» **Task to complete**:
Set down the full listing exactly as given. Any pictures are to be left out.

Data extract Block Start

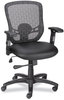 A Picture of product ALE-LH42B14 Alera® Linhope Chair Supports Up to 275 lb, Black Seat/Back, Base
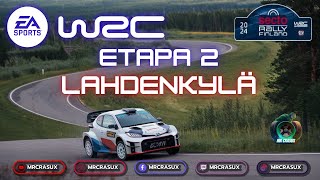 Rally Secto Finlandia  Toyota GR Yaris Rally1  Etapa 2 Lahdenkylä  EA SPORTS WRC [upl. by Gilberta]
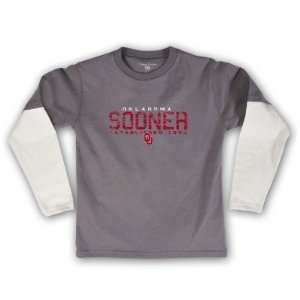    Oklahoma Sooners Kids Long Sleeve T Shirt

Data extract Block End

» **Task response**:
 A Picture of product ALE-LH42B14 Alera® Linhope Chair Supports Up to 275 lb, Black Seat/Back, Base
 Rally Secto Finlandia  Toyota GR Yaris Rally1  Etapa 2 Lahdenkylä  EA SPORTS WRC [upl. by Gilberta]
    Oklahoma Sooners Kids Long Sleeve T Shirt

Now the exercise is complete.